Yang Sanchia janjikan adalah metode untuk mengeluarkan Eric dari kondisi kritisnya bukan menyerap racunnya. Drogo tahu, Darah Neraka adalah hal yang langkah dan tidak untuk diekspos.

Jika, Sanchia memutuskan untuk mengeksposnya bukankah itu berarti kondisinya sudah sangat parah dan terancam tidak bisa diselamatkan?

Drogo berhutang banyak kali ini.

“Kau, masih juga terdiam? Tidak mau membantu temanmu itu?” Kakek Aren bertanya sinis. Dalam hatinya dia benar-benar kesal dengan dua pemuda asing yang belum lama dia temui ini.

Meskipun, tidak terlalu mengenal kakek Aren tahu bahwa mereka memiliki identitas yang tidak biasa. Sebagai salah satu tetua dan mantan pejabat istana dia mengerti dan memahami bagaimana kelas bangsawan dan rakyat biasa.

Terlebih lagi, wajah mereka benar-benar tidak asing di matanya.

Kakek Aren hanya perlu satu informasi untuk memastikan identitas mereka.

“Tetua, bagaimana saya harus mengurusnya?” tanyanya sembari berjalan mendekati posisi Kakek Aren. Drogo membungkuk hormat. Selain usia dan identitas, Drogo benar-benar menghormati lelaki tua di hadapannya ini. Selain Sanchia, beliau juga berperan penting dalam penyelamatan junjungannya.

Meskipun tidak memandang mereka sebagai yang berkepentingan namun, tetap saya layak untuk mendapatkan penghormatan. Dia bukanlah seseorang yang tidak tahu balas budi!

“Lihat bagaimana kondisinya, jika darah yang dia muntahkan sudah berwarna merah tidak lagi hitam maka bawa dia kembali.” Kakek Aren berucap acuh tak acuh, sekarang dia ingat.

Drogo adalah prajurit istana di masa lalu. Menjadi kebanggaan pangeran dan pasukan, jika tidak melihat sorot matanya yang begitu khas mungkin mata tua Kakek Aren tidak akan bisa melihatnya dengan jelas.

Dari sekian banyak prajurit yang pernah melintas di matanya hanya Drogo yang memiliki tatapan mata setajam pisau. Hanya dengan tatapannya saja orang akan tahu bagaimana dia memandang. Tidak sulit untuk menebaknya namun, hati-hati untuk tidak terkecoh.

“Baik, setelah membawanya kembali, apa yang harus saya lakukan, Tetua?” tanya Drogo lagi. Dia ingin melakukan kewajibannya sebaik mungkin. Sanchia sudah berjuang begitu keras, begitu pula dengan Kakek Aren. Jika perawatannya tidak baik, bukankah akan membuat kerja keras mereka sia-sia?

“Biarkan saja.” Kakek Aren tidak memberikan Drogo wajah. Salah siapa bertindak kejam di masa lalu. Jika bukan karena keberuntungan, mana mungkin Sanchia bisa mengorbankan darahnya untuk kedua kali?

Setelah Kakek Aren mengetahui identitas Drogo, dia benar-benar tidak menyukai lelaki itu hingga ketulang. Semua prajurit dan petinggi di masa lalu bersalah.

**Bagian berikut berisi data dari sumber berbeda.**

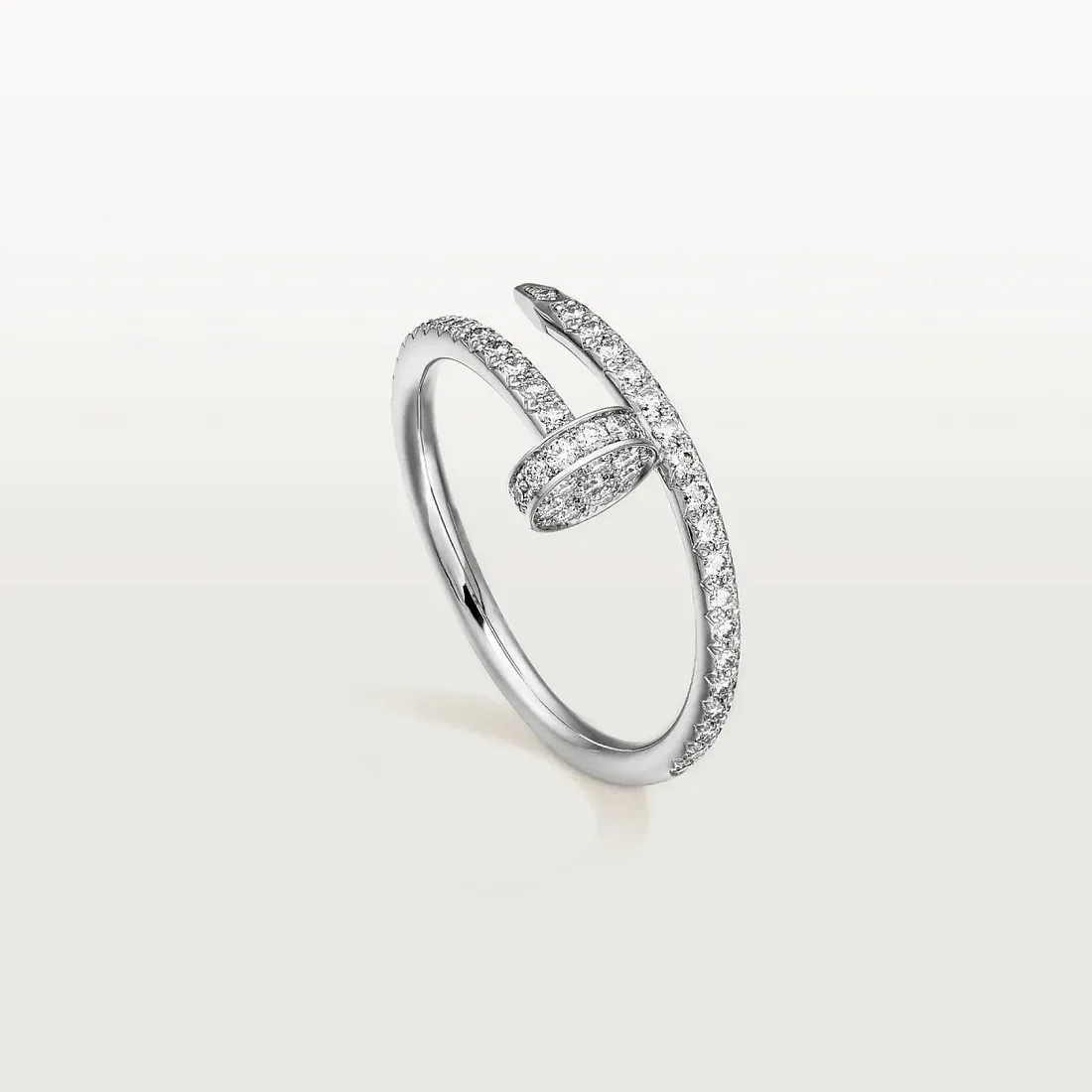 Cartier Кольцо Juste Un Clou маленькая модель с бриллиантовым паве White Gold - фото 4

Jika tidak, mana mungkin keluarga Carloman dibuang jauh ke desa terpencil ini? Dia juga tidak akan terdampar di desa kecil dan minim perhatian kerajaan!

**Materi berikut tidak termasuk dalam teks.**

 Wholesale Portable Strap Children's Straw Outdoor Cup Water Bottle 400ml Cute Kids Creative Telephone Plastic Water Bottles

Meskipun, setelah bertahun-tahun dan desa juga sudah berkembang kemarahannya tidak pernah luntur. Setelah petaka yang menimpa desa, siapa yang bisa disalahkan selain kerajaan? Mengingat hal itu Kakek Aren benar-benar marah.

“Kamu harus hidup dam membalas dendam! Jika tidak, Nenek, Kakek dan orang tuamu akan menderita di surga sana! Meskipun kamu mati, kamu juga akan menderita!” ujar kakek Aren penuh penekanan pada Sanchia yang tengah di ambang kesadarannya.

"Setidaknya jika kamu tidak memiliki kekuatan sekarang, kamu bisa membalas mereka nanti. Untuk sekarang kamu hanya perlu memiliki nyawa."

"Nyawa tidak bisa di ganti, jika kamu memilikinya maka keberuntungan dan kesempatan akan datang dengan sendiri!"